Motilin is secreted by endocrine M cells (these are not the same as the microfold cells (M cells) that are in Peyer's patches) that are numerous in crypts of the small intestine, especially in the duodenum and jejunum. It is released into the general circulation in humans at about 100-min intervals during the inter-digestive state and is the most important factor in controlling the inter-digestive migrating contractions; and it also stimulates endogenous release of the endocrine pancreas. Based on amino acid sequence, motilin is unrelated to other hormones. Because of its ability to stimulate gastric activity, it was named "motilin". Apart from in humans, the motilin receptor has been identified in the gastrointestinal tracts of pigs, rats, cows, and cats, and in the central nervous system of rabbits.

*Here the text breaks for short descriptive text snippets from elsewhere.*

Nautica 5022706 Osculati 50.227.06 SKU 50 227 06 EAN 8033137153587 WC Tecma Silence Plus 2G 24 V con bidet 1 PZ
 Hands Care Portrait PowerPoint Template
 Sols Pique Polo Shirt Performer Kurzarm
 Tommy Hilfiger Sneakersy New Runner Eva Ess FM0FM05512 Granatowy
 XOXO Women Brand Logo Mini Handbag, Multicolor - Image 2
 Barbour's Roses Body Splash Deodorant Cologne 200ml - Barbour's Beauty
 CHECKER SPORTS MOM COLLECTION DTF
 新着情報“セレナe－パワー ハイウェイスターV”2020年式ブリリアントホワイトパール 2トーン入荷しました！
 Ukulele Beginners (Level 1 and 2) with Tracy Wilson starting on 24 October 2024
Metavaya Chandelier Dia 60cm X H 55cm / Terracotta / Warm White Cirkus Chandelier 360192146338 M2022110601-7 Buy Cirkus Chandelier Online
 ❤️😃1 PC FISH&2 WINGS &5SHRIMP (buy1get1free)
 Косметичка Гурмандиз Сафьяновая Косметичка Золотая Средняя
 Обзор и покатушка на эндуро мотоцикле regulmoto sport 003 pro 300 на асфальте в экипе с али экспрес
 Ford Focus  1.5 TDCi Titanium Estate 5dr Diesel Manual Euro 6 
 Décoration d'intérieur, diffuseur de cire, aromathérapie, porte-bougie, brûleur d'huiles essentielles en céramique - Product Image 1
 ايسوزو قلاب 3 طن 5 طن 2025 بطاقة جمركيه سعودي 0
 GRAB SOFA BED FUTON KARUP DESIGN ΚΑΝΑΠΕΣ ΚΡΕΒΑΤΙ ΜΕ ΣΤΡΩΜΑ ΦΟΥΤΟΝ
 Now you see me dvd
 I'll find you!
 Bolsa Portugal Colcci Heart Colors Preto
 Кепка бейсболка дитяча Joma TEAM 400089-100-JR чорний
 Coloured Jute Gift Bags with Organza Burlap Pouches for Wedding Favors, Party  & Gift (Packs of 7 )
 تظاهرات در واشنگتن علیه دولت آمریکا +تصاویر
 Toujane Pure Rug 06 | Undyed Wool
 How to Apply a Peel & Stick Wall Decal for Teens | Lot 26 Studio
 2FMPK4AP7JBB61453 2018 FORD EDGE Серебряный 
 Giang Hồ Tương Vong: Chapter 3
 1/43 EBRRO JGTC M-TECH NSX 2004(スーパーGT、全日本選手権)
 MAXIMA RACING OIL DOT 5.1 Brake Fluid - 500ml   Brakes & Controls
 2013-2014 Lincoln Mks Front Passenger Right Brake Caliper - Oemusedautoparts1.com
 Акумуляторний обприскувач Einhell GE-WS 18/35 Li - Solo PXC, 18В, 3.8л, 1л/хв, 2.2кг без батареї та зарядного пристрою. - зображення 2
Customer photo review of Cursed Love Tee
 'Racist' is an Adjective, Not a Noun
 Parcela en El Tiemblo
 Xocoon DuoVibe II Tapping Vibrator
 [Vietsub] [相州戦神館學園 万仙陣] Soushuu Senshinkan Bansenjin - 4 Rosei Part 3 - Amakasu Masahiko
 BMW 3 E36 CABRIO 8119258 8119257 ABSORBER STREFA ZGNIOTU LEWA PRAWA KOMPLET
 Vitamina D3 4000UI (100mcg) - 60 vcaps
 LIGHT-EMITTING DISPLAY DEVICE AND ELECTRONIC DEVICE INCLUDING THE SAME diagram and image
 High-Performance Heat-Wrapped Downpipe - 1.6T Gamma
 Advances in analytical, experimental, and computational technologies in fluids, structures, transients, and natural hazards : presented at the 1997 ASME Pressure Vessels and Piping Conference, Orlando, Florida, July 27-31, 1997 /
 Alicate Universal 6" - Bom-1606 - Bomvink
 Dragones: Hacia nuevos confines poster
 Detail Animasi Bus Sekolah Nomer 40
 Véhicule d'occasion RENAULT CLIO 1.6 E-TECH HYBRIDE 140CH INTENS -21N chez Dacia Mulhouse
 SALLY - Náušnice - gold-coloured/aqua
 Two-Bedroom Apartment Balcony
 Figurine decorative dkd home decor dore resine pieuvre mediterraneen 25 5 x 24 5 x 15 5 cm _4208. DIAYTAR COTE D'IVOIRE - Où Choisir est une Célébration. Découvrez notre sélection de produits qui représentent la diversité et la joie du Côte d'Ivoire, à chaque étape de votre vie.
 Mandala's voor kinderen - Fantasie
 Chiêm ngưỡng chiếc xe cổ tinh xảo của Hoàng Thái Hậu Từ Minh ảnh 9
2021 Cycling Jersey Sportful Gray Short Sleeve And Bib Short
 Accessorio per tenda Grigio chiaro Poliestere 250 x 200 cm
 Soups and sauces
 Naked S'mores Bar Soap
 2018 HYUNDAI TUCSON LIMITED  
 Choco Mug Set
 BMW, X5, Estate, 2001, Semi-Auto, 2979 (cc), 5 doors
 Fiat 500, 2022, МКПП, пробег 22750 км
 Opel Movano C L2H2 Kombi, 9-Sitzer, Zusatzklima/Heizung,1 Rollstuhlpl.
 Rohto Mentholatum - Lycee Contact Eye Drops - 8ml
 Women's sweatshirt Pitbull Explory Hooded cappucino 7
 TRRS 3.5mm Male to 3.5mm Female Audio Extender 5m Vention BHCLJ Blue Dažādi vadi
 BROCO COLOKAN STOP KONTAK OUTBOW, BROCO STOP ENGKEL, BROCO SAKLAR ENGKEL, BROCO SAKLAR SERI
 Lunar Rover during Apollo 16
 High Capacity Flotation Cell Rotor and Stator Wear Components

Motilin was discovered by J.C. Brown when he introduced alkaline solution into duodena of dogs, which caused strong gastric contractions. Brown et al. predicted that alkali could either release stimulus to activate motor activity or prevent the secretion of inhibitory hormone. They isolated a polypeptide as a by-product from purification of secretin on carboxymethyl cellulose. They named this polypeptide “Motilin.”
Motilin has 22 amino acids and molecular weight of 2698. In extract from human gut and plasma, there are two basic forms of motilin. The first molecular form is the polypeptide of 22 amino acids. The second form, on the other hand, is larger and contains the same 22 amino acids as the first form but includes an additional carboxyl-terminus end.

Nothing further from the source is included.